Thursday, August 28, 2014

The Eleventh Rule

I gave myself permission a few years ago to stop reading any book I found myself not enjoying. It doesn’t happen often—my vetting system is sound—but I sometimes wonder what it is about a book that makes me give up on it. I a devoted blog post to what I called “bestseller style,” and why it was a pretty good bet to make me stop reading.

The other day I put down a book I’d been looking forward to; the vetting system is not perfect. A bestseller, it had the issues I cited in the other post, but it also brought about an epiphany as to what it is about bestsellers that so often turns me off: they violate the Eleventh Rule.

What is the Eleventh Rule? In Elmore Leonard’s justly famous Ten Rules of Writing*, he states:

My most important rule is one that sums up the ten: If it sounds like writing, I rewrite it.

Bingo. These books sound too much like writing. Their authors write as if ninth-grade English teachers loomed over their shoulders, poised to strike with metal-edged rulers (or worse) at the mere whisper of a split infinitive or dangling preposition. This type of writing constantly reminds me I am reading a story, taking me away from the vivid and continuous dream I want to be in as a reader. I don’t want to read stories; I want to watch them.

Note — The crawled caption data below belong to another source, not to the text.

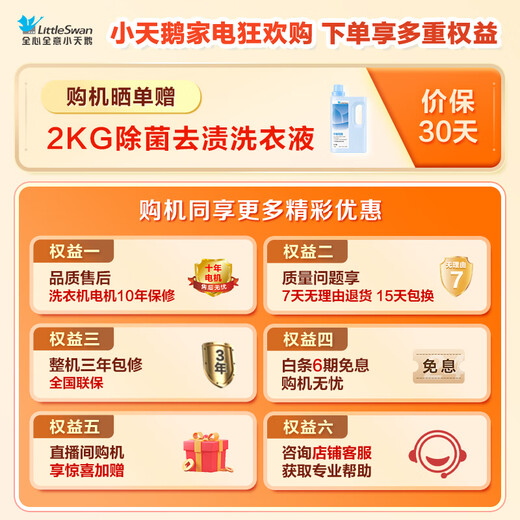 LittleSwan washing and drying set 10KG drum washing machine fully automatic + heat pump dryer sterilization and mite removal APUREPRO+02T old for new national subsidy OCC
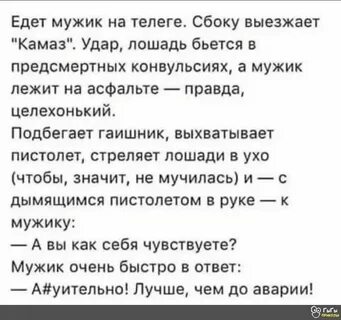 Едет парень текст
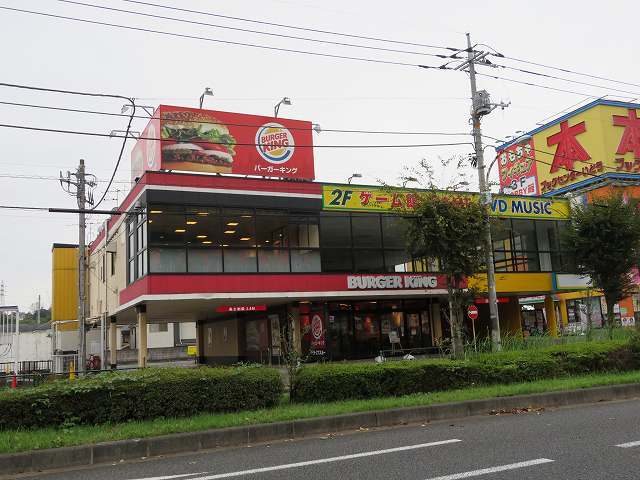 飲食店　バーガーキング（飲食店）まで350m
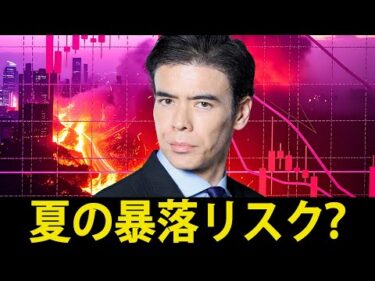 夏の暴落リスク？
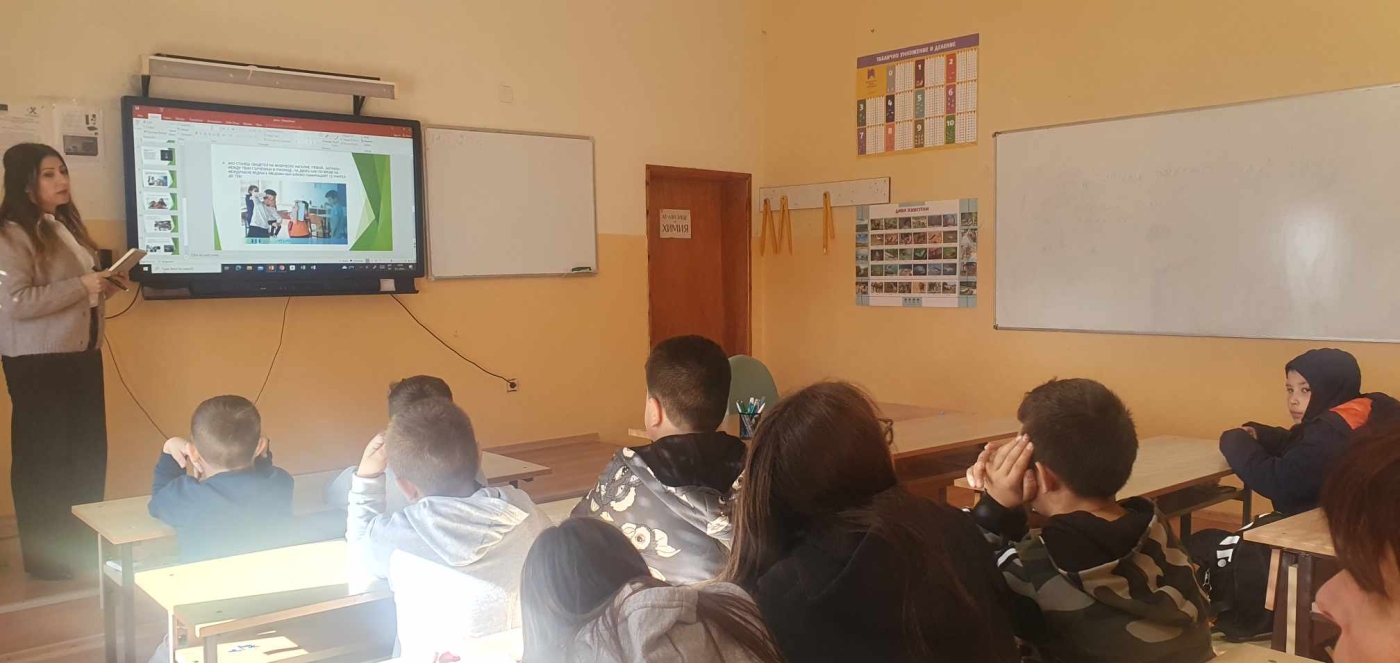Превенция на насилието и преодоляване на проблемното поведение
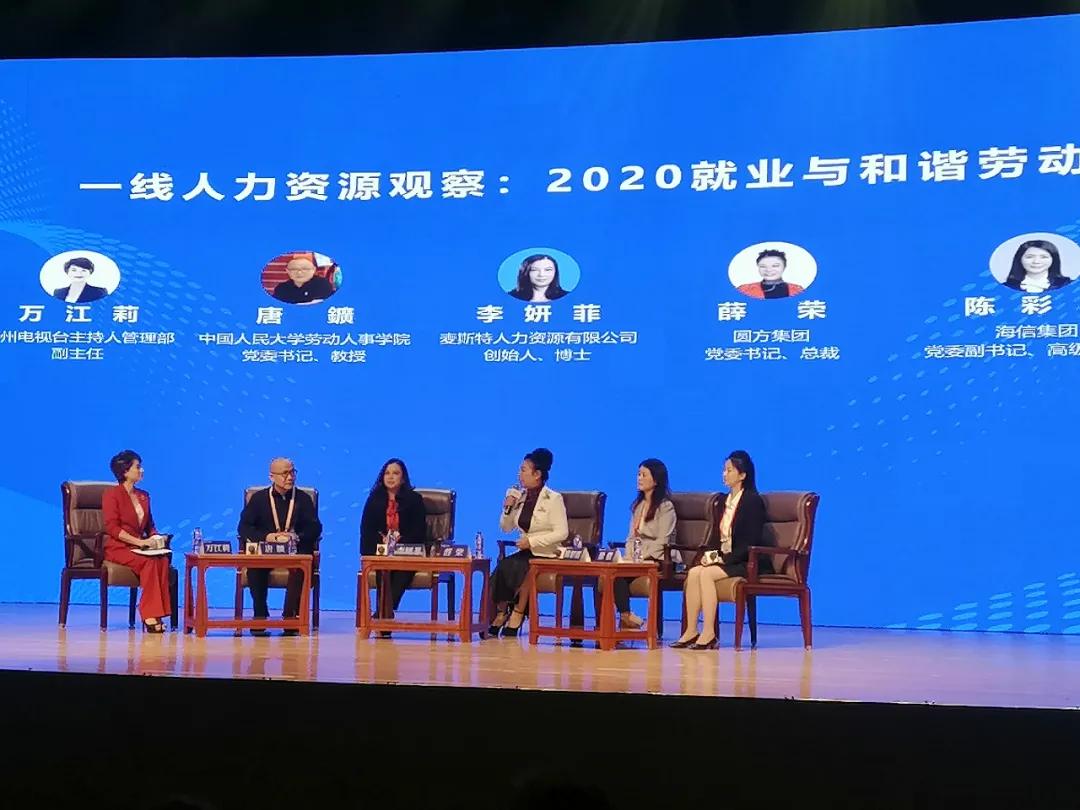 中國企業(yè)500強，探索與啟示，中國企業(yè)500強的探索與啟示，邁向卓越之路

“But what about Chandler and James Lee Burke and Declan Hughes? Their use of language is so original—beautiful, even—you admit you read for that,” you ask. (You sure have had a lot of questions lately. Getting to be a pain in the ass, frankly.) That’s true, but, while I am aware it’s writing, their work never reads as such. I can still be lost in their prose, as if listening to a master storyteller or orator make a story transcendent through his prose.

Leonard made a point to append the Eleventh Rule to Number Ten: Try to leave out the parts that readers tend to skip. Personally, I tend to skip things that sound too much like writing, even if that means skipping the entire remainder of the book.


(* - Leonard’s Ten Rules are often presented as a bulleted list, but they are best read with the explanations and caveats he provided in the original.)